Evaluation of VISTA Performance Profiles and Non-VISTA Measures
Eve A. Kerr MD MPH
VA Ann Arbor Healthcare System
Ann Arbor, MI
Funding Period: December 1999 - November 2001

BACKGROUND/RATIONALE:
The VA has incorporated extensive diabetes measures in their External Peer Review Program (EPRP) quality measurement system, which is based on medical record abstraction.
While EPRP is VA’s gold standard and provides the most reliable diabetes quality information currently available, chart abstraction is very expensive. Certain process and intermediate outcome data (for example, whether a lab test was performed and its value) are available from the Veteran’s Integrated Health Systems Technology and Architecture (VISTA) system. However, the validity and reliability of these data are unknown.

OBJECTIVE(S):
The specific goals of the project include: (1) to examine the correlation of diabetes measures derived from VISTA measures with those derived from medical record and patient survey, and (2) to assess the ability of each of the measures to accurately identify facilities with higher or lower quality.

METHODS:
The project compares diabetic quality measures in the VA obtained from three existing data sources: VISTA, medical records and patient surveys (using data already collected by the VA Office of Quality and Performance (OQP) as part of a quality assurance activity). We have compare the quality measures derived from each data source to determine how they correlate and how each contributes to the variation in quality scores across facilities.

FINDINGS/RESULTS:
Success rates were higher for process measures derived from medical record versus automated data (e.g., 78% vs. 68% for LDL measured; 84% vs. 78% for A1c measured).
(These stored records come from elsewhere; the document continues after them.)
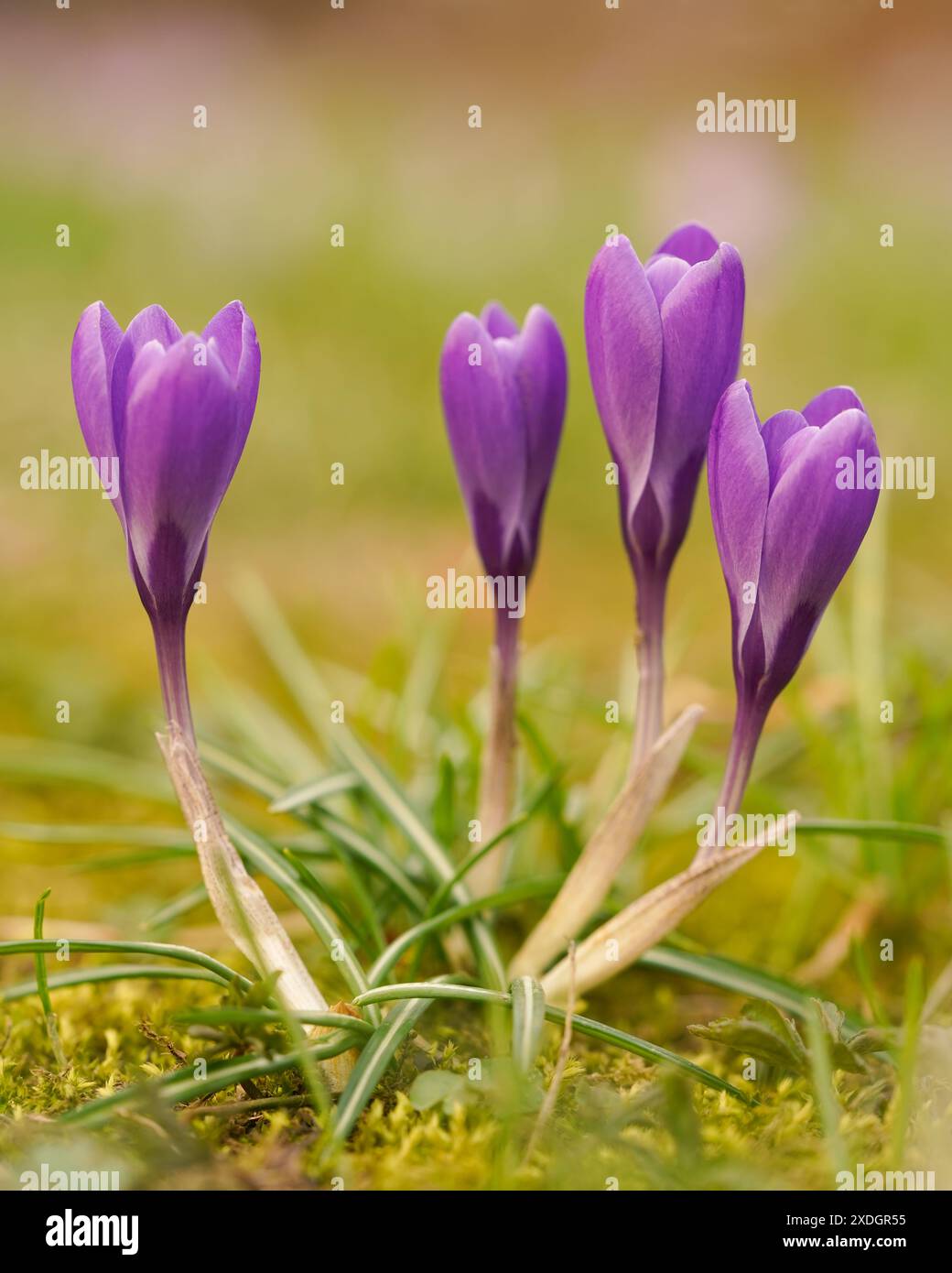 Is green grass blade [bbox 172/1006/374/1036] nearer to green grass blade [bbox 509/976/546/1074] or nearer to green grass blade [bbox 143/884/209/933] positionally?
green grass blade [bbox 509/976/546/1074]

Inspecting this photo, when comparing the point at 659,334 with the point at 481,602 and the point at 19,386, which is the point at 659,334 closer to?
the point at 481,602

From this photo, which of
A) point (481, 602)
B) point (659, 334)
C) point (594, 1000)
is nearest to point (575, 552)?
point (481, 602)

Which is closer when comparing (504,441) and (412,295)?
(504,441)

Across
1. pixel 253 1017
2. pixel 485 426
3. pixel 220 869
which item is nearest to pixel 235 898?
pixel 220 869

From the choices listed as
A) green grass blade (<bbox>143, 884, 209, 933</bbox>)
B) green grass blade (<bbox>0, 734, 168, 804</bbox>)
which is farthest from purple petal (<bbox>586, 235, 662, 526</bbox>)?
green grass blade (<bbox>0, 734, 168, 804</bbox>)

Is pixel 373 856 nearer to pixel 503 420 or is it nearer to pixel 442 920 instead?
pixel 442 920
This difference narrowed for intermediate outcome measures (e.g., 79% vs. 76% for LDL<130; 86% vs. 88% for A1c<9.5%). Agreement for measures derived from the medical record compared to automated data was moderate for process measures (e.g.,A1c measured, kappa=0.61) but high for intermediate outcome measures (e.g., A1c<9.5%, kappa=0.92). Hybrid measures, which use automated data supplemented with medical record data, yielded success rates similar to those of medical record based measures. Hybrid process measures would require medical record review in only 50% of cases. Process measures, but no intermediate outcome measures, showed significant variation attributable to the facility, regardless of the data source.

IMPACT:
We found that agreement between medical record and automated data was generally high. Nonetheless automated data tended to underestimate the success rate in process measures for diabetes. Applying hybrid methodology yielded results consistent with the medical record but required less data to come from medical record reviews. Despite the high rates in overall performance, further research should examine the underlying reasons for facility level variation in diabetes process measures in order to craft appropriate quality improvement programs.

PUBLICATIONS:

Journal Articles

  1. Heisler M, Smith DM, Hayward RA, Krein SL, Kerr EA. Racial disparities in diabetes care processes, outcomes, and treatment intensity. Medical Care. 2003; 41(11): 1221-32.
  2. Kerr EA, Smith DM, Hogan MM, Hofer TP, Krein SL, Bermann M, Hayward RA. Building a better quality measure: are some patients with 'poor quality' actually getting good care? Medical Care. 2003; 41(10): 1173-82.
  3. Kerr EA, Smith DM, Kaplan SH, Hayward RA. The association between three different measures of health status and satisfaction among patients with diabetes. Medical Care Research and Review. 2003; 60(2): 158-77.
  4. Heisler M, Smith DM, Hayward RA, Krein SL, Kerr EA. How well do patients' assessments of their diabetes self-management correlate with actual glycemic control and receipt of recommended diabetes services? Diabetes Care. 2003; 26(3): 738-43.
  5. Kerr EA, Smith DM, Hogan MM, Krein SL, Pogach L, Hofer TP, Hayward RA. Comparing clinical automated, medical record, and hybrid data sources for diabetes quality measures. Joint Commission Journal on Quality Improvement. 2002; 28(10): 555-65.
  6. Heisler M, Bouknight RR, Hayward RA, Smith DM, Kerr EA. The relative importance of physician communication, participatory decision making, and patient understanding in diabetes self-management. Journal of General Internal Medicine. 2002; 17(4): 243-52.
  7. Kerr EA, Krein SL, Vijan S, Hofer TP, Hayward RA. Avoiding pitfalls in chronic disease quality measurement: a case for the next generation of technical quality measures. American Journal of Managed Care. 2001; 7(11): 1033-43.
  8. Asch SM, Kerr EA, Lapuerta P, Law A, McGlynn EA. A new approach for measuring quality of care for women with hypertension. Archives of Internal Medicine. 2001; 161(10): 1329-35.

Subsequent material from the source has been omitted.